Dataset:
* * *
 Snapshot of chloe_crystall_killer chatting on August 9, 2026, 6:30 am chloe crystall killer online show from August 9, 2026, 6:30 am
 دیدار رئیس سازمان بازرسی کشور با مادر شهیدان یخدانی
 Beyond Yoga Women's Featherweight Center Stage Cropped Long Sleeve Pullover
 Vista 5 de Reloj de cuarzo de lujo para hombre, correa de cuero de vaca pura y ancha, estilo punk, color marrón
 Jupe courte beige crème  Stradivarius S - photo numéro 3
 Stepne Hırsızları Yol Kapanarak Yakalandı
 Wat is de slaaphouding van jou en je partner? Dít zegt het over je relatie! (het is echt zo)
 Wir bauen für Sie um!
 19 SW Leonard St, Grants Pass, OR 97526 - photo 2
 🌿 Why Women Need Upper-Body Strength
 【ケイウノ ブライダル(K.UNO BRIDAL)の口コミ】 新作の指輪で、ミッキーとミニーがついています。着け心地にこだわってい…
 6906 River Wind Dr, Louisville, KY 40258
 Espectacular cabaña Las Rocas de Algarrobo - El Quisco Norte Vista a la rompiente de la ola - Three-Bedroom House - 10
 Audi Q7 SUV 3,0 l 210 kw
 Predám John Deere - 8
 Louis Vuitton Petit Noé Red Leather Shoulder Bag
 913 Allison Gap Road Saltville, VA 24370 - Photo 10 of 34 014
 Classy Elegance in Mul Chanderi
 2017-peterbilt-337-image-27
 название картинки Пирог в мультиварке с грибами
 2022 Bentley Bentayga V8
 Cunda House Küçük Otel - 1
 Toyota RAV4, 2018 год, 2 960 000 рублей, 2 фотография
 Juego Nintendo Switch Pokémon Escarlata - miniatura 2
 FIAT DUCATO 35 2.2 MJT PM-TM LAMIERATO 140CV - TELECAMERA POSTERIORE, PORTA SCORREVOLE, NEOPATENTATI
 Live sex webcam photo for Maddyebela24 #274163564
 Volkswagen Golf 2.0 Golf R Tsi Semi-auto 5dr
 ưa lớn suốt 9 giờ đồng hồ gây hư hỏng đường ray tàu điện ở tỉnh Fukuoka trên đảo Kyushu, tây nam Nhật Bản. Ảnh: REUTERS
* * *
Task:
The whole listing above should be output again exactly.

Answer to the problem:
 Snapshot of chloe_crystall_killer chatting on August 9, 2026, 6:30 am chloe crystall killer online show from August 9, 2026, 6:30 am
 دیدار رئیس سازمان بازرسی کشور با مادر شهیدان یخدانی
 Beyond Yoga Women's Featherweight Center Stage Cropped Long Sleeve Pullover
 Vista 5 de Reloj de cuarzo de lujo para hombre, correa de cuero de vaca pura y ancha, estilo punk, color marrón
 Jupe courte beige crème  Stradivarius S - photo numéro 3
 Stepne Hırsızları Yol Kapanarak Yakalandı
 Wat is de slaaphouding van jou en je partner? Dít zegt het over je relatie! (het is echt zo)
 Wir bauen für Sie um!
 19 SW Leonard St, Grants Pass, OR 97526 - photo 2
 🌿 Why Women Need Upper-Body Strength
 【ケイウノ ブライダル(K.UNO BRIDAL)の口コミ】 新作の指輪で、ミッキーとミニーがついています。着け心地にこだわってい…
 6906 River Wind Dr, Louisville, KY 40258
 Espectacular cabaña Las Rocas de Algarrobo - El Quisco Norte Vista a la rompiente de la ola - Three-Bedroom House - 10
 Audi Q7 SUV 3,0 l 210 kw
 Predám John Deere - 8
 Louis Vuitton Petit Noé Red Leather Shoulder Bag
 913 Allison Gap Road Saltville, VA 24370 - Photo 10 of 34 014
 Classy Elegance in Mul Chanderi
 2017-peterbilt-337-image-27
 название картинки Пирог в мультиварке с грибами
 2022 Bentley Bentayga V8
 Cunda House Küçük Otel - 1
 Toyota RAV4, 2018 год, 2 960 000 рублей, 2 фотография
 Juego Nintendo Switch Pokémon Escarlata - miniatura 2
 FIAT DUCATO 35 2.2 MJT PM-TM LAMIERATO 140CV - TELECAMERA POSTERIORE, PORTA SCORREVOLE, NEOPATENTATI
 Live sex webcam photo for Maddyebela24 #274163564
 Volkswagen Golf 2.0 Golf R Tsi Semi-auto 5dr
 ưa lớn suốt 9 giờ đồng hồ gây hư hỏng đường ray tàu điện ở tỉnh Fukuoka trên đảo Kyushu, tây nam Nhật Bản. Ảnh: REUTERS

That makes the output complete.